Available data:

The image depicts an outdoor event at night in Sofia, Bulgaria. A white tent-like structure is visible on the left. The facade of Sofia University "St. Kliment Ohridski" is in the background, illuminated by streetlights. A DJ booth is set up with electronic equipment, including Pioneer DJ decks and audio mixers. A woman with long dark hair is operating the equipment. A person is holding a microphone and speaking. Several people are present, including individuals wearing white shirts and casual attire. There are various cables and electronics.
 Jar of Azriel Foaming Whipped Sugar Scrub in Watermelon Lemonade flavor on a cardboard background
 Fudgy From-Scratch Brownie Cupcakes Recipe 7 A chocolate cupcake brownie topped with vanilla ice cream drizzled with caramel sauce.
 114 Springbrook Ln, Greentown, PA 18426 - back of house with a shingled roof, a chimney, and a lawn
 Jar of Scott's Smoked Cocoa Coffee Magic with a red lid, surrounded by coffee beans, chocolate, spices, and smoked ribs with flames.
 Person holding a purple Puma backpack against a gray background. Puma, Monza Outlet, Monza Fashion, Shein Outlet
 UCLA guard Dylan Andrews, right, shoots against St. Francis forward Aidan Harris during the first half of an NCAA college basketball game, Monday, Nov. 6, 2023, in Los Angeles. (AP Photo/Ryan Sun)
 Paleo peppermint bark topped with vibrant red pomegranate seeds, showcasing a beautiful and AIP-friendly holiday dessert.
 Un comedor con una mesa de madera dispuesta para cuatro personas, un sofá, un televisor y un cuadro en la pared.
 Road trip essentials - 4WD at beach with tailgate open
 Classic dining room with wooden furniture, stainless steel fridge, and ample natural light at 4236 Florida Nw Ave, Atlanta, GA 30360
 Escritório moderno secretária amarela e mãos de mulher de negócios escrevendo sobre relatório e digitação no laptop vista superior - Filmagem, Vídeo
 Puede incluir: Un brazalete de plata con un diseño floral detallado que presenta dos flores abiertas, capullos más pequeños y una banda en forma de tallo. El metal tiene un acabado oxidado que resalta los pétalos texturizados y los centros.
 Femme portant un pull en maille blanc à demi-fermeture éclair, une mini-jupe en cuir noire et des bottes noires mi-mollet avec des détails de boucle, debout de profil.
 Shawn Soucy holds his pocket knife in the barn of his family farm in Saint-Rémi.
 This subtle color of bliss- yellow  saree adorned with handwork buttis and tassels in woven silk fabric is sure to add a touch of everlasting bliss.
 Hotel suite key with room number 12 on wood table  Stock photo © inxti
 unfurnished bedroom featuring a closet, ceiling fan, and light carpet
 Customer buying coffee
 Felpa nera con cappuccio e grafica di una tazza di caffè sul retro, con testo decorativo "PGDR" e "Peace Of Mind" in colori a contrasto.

Assignment: Using the listing above, work out how many of its lines include "chocolate", and give only the result.

Answer: 2